Unethical AI Applications in Recruitment
As artificial intelligence (AI) creates disruptive contributions across a number of industries, talent recruitment becomes only the latest area where AI adds its expertise. But as in every early phase of life changing technology, (think Alfred Nobel and dynamite) there is the possibility of abuse before the rules of good conduct are accepted as standard practice. Getting ahead in your industry through using AI as a recruitment tool has benefits, and potential pitfalls, as described by Forbes contributor Tomas Chamorro-Premuzic
- Cyber-snooping: Traditional recruitment tools were invented to compensate for our historical inability to collect sufficient data on candidates’ history and behaviors to predict their future performance…For instance, machine-learning algorithms can be used to predict candidates’ intelligence and personality – including their dark side – from their Facebook profiles. Likewise, AI has been effectively used to translate our Twitter footprint into a fairly comprehensive personality profile, because our choice of words reflect who we are, including our talent and career potential.

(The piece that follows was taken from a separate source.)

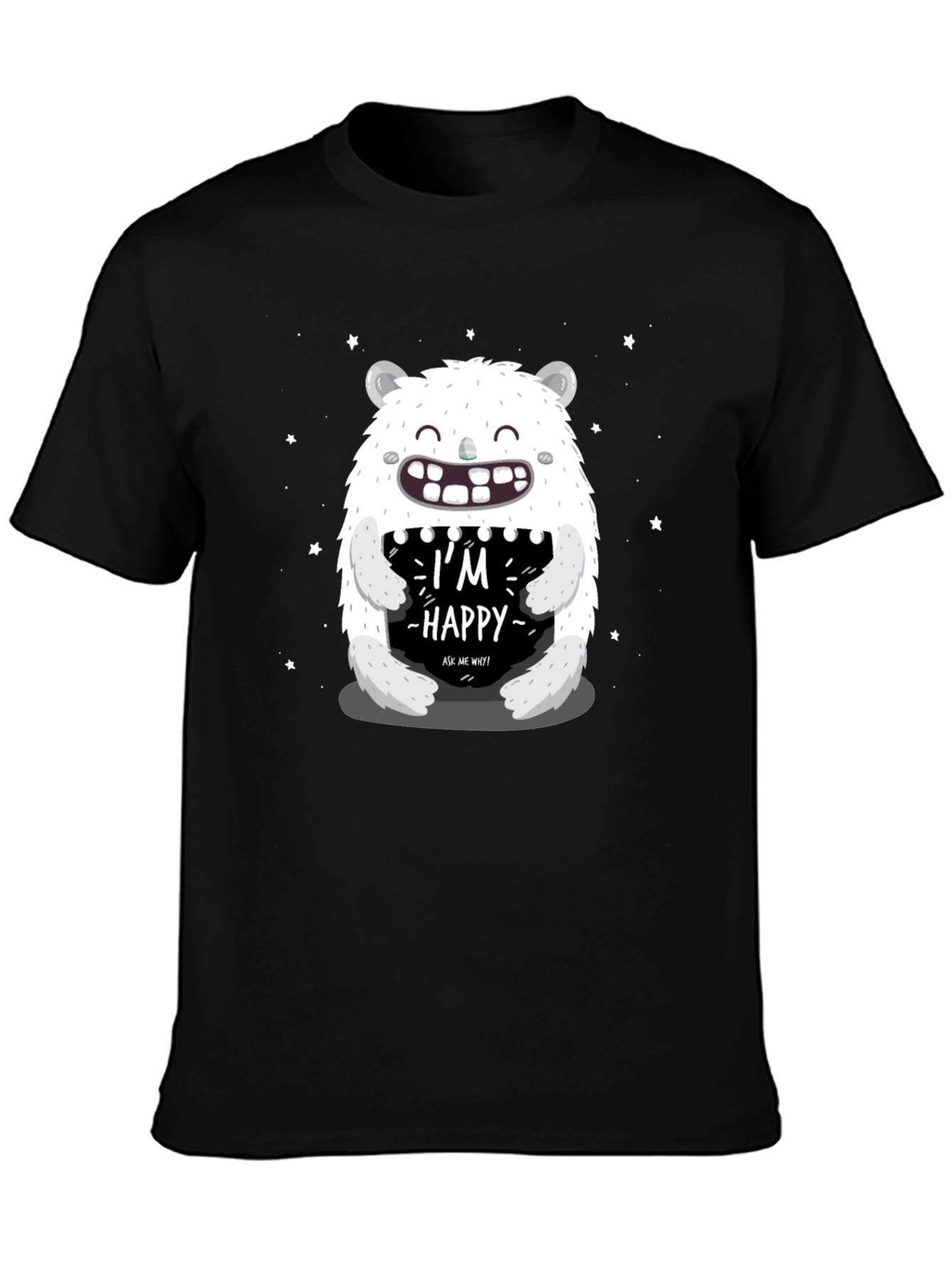 Black I'm Happy Monster Graphic Tee - Black Cotton Blend view 3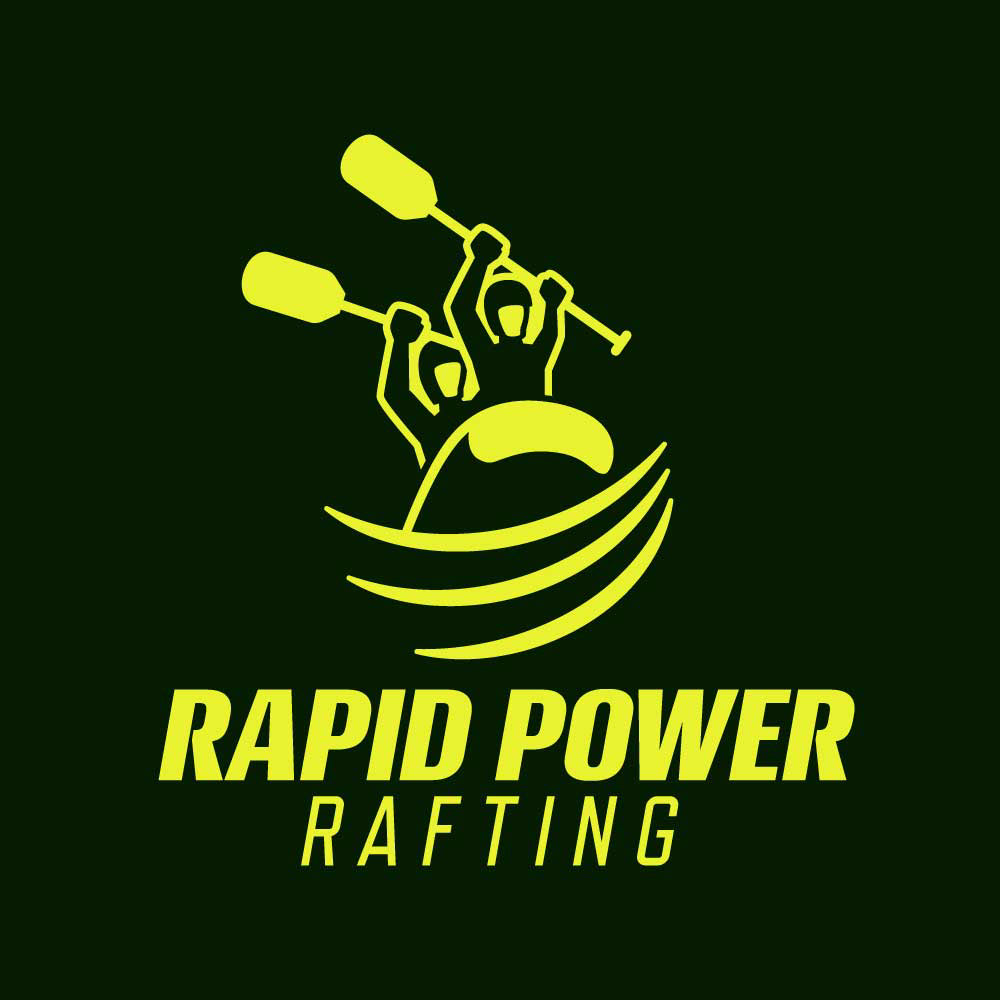 Rapid Power Rafting primary logo with dark green background.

- Withholding feedback: Historically, recruitment tools did not provide much feedback or information to candidates on their profile or how their results connect to the outcome of the recruitment decision, except when the outcome was positive. While this is disappointing – why should we deprive candidates from gaining useful career feedback and understanding themselves better? – it is also true that the high-touch nature of traditional recruitment tools makes giving feedback more time-consuming and expensive
- Predicting biased outcomes: There is no doubt that the biggest potential advantage of AI recruitment tools is to minimize our reliance on human bias and intuition (which is rather biased). In an age of ubiquitous data and cheap prediction, there should be no excuses for playing it by ear, so when hiring managers or recruiters note that they know talent when they see it, we should demand some evidence. Unfortunately, AI can also be deployed to predict the wrong outcomes. For example, when machine-learning algorithms mine digital interview data to predict whether recruiters will want to hire the candidate, they simply perpetuate human biases. In other words, training AI models to emulate human preferences or biased decision-making, will only replicate the shortcomings of our own mind.
- Black-box selection: A final ethical consideration regarding AI recruitment tools is the degree to which they explain why a candidate has potential for a given job (or not). It is not enough to predict future job performance – recruitment tools should also help us understand the basis of such prediction, which means having a rationale for selection or rejecting a candidate. For example, when voice-scraping algorithms identify a connection between certain physical properties of speech and job performance, it is important to understand what the basis for such a connection is.
Although AI will improve matching people to jobs, it is important to monitor and shape the ethical implications of such technology while it is still in its infancy and easy to change.